The exceptional tour finished at Violet’s, an adorable café near Dalston. There’s a sweet, subtle smell that pulls you in from the outside, and the scent is even more delicious once you step inside. Violet’s butterscotch blondie is heavenly with its subtle flavours and chewy texture, and the mini chocolate cupcakes are perfection.
Best of all is that Naomi confirmed that they’re not packed with tonnes of sugar, either. Like all of the places she chose for today, it was obvious that pure, quality, classic ingredients are a key part of their recipes and success. In general, the more I learned from her, the greater my appreciation was for the high-quality baked treats I sampled.
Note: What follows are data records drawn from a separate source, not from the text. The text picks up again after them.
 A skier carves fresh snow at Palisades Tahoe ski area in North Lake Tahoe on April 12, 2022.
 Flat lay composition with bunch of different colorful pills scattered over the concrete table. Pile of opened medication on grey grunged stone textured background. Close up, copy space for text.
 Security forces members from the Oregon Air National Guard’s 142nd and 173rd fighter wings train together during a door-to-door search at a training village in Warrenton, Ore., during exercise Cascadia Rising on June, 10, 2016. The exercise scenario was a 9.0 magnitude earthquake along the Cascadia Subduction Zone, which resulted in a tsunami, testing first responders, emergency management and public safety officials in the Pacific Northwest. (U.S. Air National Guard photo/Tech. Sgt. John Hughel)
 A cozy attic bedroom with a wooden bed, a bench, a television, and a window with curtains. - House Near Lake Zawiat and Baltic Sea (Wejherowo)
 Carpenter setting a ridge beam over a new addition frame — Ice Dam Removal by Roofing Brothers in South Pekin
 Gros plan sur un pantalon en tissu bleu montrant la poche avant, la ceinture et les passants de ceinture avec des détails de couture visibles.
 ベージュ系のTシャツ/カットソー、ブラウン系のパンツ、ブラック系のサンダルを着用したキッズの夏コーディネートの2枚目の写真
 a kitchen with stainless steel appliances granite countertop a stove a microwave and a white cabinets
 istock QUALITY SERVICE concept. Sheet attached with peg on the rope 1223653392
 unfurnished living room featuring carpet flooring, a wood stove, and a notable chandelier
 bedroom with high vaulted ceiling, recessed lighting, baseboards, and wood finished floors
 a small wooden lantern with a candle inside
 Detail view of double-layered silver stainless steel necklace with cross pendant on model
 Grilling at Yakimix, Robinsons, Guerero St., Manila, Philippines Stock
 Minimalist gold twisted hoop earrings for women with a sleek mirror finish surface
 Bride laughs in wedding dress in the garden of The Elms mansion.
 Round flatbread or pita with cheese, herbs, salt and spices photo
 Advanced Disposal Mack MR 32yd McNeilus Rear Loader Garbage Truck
As a traveller, I adore getting off the beaten track to get a feel for the ‘real’ local’s version of a city, and this is what I feel SideStory does for its guests. One of the things I loved is that they made this tour not just a food fest, but rather an informative, fun glimpse into a burgeoning field that has a growing fan base among modern foodies in Britain. Often, food is not simply sustenance; it is part of the culture and history of a people. As someone who hasn’t been living in Great Britain for very long, this tour was a charming (and delicious) chance to get a feel for local tastes and historical anecdotes.
Naomi had the inside scoop on how to find fantastic hidden and overlooked experiences, and I definitely felt like I’d had a nice sampler of British baking and Old London, not just a walk through ‘hip’ neighbourhoods. This bakery tour through the best of East London’s old school gems and new British bakeries was a fantastic experience, and one I’d love to do all over again.